All those years of drifting, between leaving school and now, often felt aimless and unsatisfying, but McQueer can see, in retrospect, that they allowed him to gather material for his writing, developing a blackly comic tone. There was, for instance, the time he – along with his mother and grandfather – got a job cleaning houses that had been crime scenes, or from which problem tenants had been evicted. “It was really morbid but really good. The three of us, in a van, going to clean
a manky hoose in Paisley – that was brilliant. Just my granda’s sense of humour about it all. We’d be sitting amongst total filth and he’d get his wee flask out for
a cup of tea, and give me a piece.
“You wouldn’t know what you were walking into every day. I remember cleaning skin off a toilet pan from a guy who had died sitting on there.”
He did the cleaning job between shifts at the sports shop. On his return, he’d tell his colleagues the latest. “I was like a court jester, entertaining everybody with these bad stories.” In these moments, the writer was being formed.
McQueer is a populist at heart. He started off posting his work on the website Medium, which has a function allowing authors to see how many people are reading the stories and how many scroll right to the end. These statistics changed how he wrote. Determined to hook readers early and keep them reading, he made his stories punchier and more comic. This paid off when he started to perform live on the spoken-word scene, on which he is a guaranteed draw. Later this month he will be appearing as part of the Glasgow International Comedy Festival.
“Because his stories are straightforwardly told, and because he’s got an effortless sweetness, crowds really warm to him,” Ross McCleary, the co-host of Inky Fingers, an open mic night in Edinburgh, told me. “Despite the comparisons to Irvine Welsh, there’s a hopefulness in Chris’s work; there’s not the same sense of attack.”
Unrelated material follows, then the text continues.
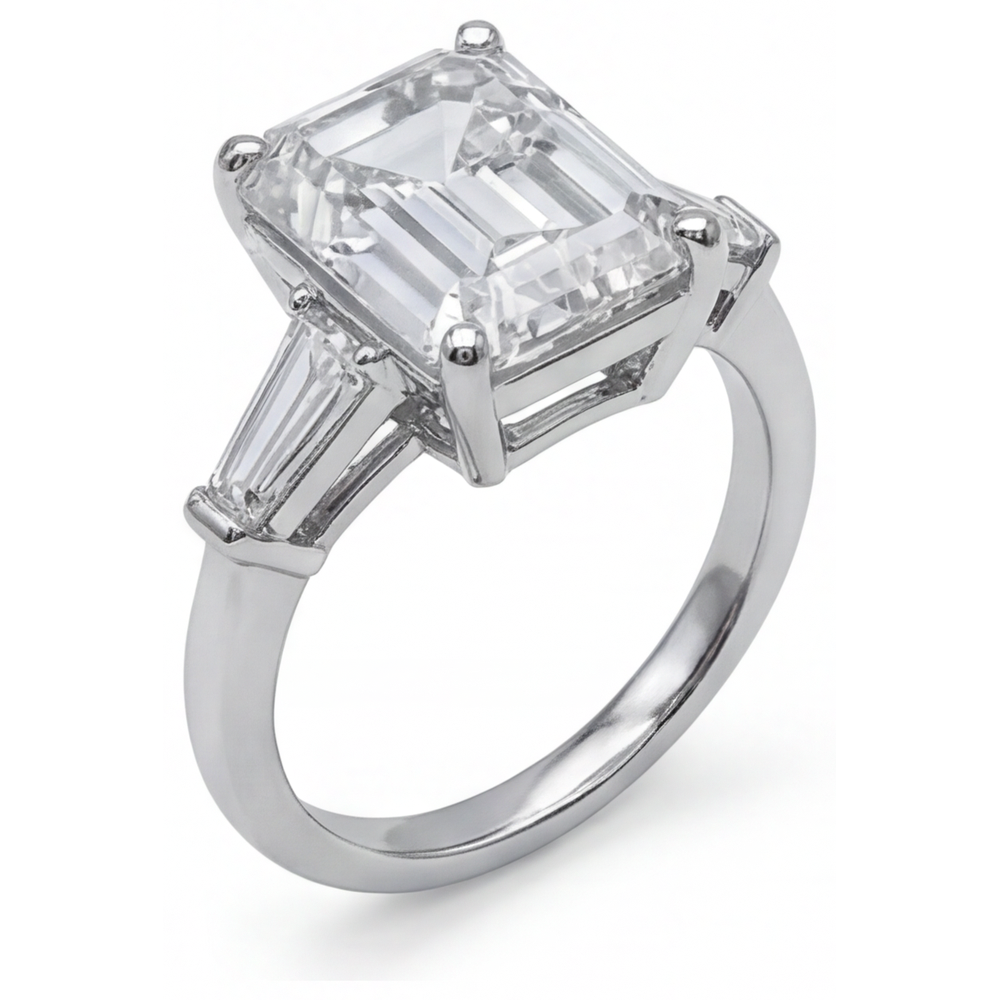 5.80 Ct. Emerald & Baguettes Natural Real Diamond ( Not Lab Grown ) 3 Stone Ring White Gold New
He writes in his bedroom at home. “It’s just me and my dug. The dug will float aboot” – not literally – “and if I get stuck I take the dug a walk.” It is only since packing in his job, two days before Christmas, that he has felt able to call himself a writer, but even now he has doubts. “I don’t really feel like a real writer, because I’ve not had all the rejection that loads of other writers have had. I just fell into it. Everything happened dead quick … I don’t think I was ready to have my first book come out so soon.” Lately, while recording the audiobook of Hings, putting that Barry White voice to use, he has found himself wincing at some of his sentences and word choices. He is serious about getting better and has enrolled in a creative writing course at City of Glasgow College, which demonstrates an admirable lack of ego.
His next book will be a further collection of stories: “A wee bit longer, a wee bit funnier, a wee bit darker.” He hopes he has a novel in him – “I’d love to write magical realism set in the east end” – and his publisher hopes so, too. “Everything that’s happened over the last 10 years has led up to this moment,” he says. Yet, in a way, McQueer’s creative ambitions remain modest. “I’m trying to write things my pals and my family find funny,” he says. “I just want to give people a laugh.”
Chris McQueer will be at the Grosvenor Cinema, Glasgow, on March 15 as part of the Glasgow International Comedy Festival. The audiobook of Hings will be released this month by 404 Ink. He will be at Glasgow book festival Aye Write! on March 18.